**Assignment**
Return all lines in the data where the string "Deep" can be found.
*** Dataset records ***
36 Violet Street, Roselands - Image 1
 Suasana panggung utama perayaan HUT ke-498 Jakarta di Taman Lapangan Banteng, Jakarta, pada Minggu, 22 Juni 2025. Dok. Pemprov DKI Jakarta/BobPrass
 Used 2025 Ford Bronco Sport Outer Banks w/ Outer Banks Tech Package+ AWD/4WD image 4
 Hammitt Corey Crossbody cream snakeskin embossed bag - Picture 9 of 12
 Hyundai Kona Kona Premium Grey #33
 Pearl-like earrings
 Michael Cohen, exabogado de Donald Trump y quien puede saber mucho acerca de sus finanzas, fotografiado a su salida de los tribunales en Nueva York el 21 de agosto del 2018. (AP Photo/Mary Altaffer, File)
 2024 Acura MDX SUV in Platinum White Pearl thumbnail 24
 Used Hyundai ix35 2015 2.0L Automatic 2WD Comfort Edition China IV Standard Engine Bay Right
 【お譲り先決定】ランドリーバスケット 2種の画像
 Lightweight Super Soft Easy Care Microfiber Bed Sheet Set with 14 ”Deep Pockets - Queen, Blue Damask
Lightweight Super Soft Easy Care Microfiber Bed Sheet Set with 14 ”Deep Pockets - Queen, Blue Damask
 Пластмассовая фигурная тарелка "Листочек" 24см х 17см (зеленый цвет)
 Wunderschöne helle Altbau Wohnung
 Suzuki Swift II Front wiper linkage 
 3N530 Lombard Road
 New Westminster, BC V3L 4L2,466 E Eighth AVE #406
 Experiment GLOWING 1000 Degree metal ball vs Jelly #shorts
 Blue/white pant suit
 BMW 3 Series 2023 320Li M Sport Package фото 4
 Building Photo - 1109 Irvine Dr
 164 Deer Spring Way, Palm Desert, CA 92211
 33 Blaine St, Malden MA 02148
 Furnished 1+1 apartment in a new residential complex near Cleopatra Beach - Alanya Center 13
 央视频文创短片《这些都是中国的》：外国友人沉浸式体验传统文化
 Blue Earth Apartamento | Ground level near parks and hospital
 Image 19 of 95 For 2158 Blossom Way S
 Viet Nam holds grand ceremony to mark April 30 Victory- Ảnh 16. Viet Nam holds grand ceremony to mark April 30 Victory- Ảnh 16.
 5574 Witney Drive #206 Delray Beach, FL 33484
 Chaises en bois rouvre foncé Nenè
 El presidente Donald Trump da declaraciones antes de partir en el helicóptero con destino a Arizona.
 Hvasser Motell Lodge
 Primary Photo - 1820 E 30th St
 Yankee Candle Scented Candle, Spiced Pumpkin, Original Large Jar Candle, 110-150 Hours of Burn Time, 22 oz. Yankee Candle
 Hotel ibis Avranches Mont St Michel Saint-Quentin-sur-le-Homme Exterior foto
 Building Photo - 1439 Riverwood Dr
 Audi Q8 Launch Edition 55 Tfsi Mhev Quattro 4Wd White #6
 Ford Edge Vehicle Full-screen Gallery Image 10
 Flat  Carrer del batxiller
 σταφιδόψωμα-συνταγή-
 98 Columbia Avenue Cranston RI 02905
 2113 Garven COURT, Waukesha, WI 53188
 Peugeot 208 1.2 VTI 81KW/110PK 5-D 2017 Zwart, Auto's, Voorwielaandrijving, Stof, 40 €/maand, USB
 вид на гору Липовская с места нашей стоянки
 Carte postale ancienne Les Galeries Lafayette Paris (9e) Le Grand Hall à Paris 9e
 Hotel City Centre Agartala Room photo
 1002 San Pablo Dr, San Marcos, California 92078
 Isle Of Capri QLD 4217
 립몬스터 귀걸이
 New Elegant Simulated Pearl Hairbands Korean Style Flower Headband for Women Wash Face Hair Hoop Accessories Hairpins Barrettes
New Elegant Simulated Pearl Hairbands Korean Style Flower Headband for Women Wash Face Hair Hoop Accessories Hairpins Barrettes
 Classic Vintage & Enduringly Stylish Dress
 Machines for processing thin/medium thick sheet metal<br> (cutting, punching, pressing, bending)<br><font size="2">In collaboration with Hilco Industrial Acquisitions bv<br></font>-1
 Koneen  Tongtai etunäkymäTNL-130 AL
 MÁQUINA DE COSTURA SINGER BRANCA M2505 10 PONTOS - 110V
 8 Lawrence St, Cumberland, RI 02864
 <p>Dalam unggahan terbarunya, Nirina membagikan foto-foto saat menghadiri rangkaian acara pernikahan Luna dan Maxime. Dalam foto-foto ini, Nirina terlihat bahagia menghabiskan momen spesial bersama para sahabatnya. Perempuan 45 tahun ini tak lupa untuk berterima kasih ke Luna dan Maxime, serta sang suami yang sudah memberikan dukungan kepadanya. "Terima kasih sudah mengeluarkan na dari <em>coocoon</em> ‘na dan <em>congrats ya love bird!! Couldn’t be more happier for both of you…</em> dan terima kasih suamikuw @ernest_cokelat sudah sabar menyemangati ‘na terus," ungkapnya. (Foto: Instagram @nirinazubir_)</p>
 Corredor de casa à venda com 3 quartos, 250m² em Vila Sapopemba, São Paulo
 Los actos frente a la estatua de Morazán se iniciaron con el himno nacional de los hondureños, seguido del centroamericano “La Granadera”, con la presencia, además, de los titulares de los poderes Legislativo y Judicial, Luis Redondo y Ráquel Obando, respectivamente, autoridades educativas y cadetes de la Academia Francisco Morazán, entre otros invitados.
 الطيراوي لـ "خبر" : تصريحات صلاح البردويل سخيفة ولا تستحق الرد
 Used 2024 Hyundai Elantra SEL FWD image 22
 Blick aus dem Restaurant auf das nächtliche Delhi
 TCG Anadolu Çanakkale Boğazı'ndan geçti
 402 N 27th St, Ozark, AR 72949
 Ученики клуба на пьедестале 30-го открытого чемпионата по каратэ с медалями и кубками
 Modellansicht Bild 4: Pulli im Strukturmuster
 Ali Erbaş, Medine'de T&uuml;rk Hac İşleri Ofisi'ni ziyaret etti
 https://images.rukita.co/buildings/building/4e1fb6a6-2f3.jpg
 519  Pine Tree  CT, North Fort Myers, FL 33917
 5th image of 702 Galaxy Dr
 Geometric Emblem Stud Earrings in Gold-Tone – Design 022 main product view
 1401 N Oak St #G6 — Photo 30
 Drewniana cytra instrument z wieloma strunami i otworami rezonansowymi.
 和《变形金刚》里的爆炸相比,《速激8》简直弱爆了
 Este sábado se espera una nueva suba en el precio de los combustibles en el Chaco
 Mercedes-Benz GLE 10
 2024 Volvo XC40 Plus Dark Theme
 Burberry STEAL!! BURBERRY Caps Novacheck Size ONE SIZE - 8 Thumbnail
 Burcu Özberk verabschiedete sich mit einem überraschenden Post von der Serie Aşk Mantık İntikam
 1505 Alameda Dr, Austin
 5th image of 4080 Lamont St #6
*** End of Dataset records ***
**Answer box**
 Lightweight Super Soft Easy Care Microfiber Bed Sheet Set with 14 ”Deep Pockets - Queen, Blue Damask
Lightweight Super Soft Easy Care Microfiber Bed Sheet Set with 14 ”Deep Pockets - Queen, Blue Damask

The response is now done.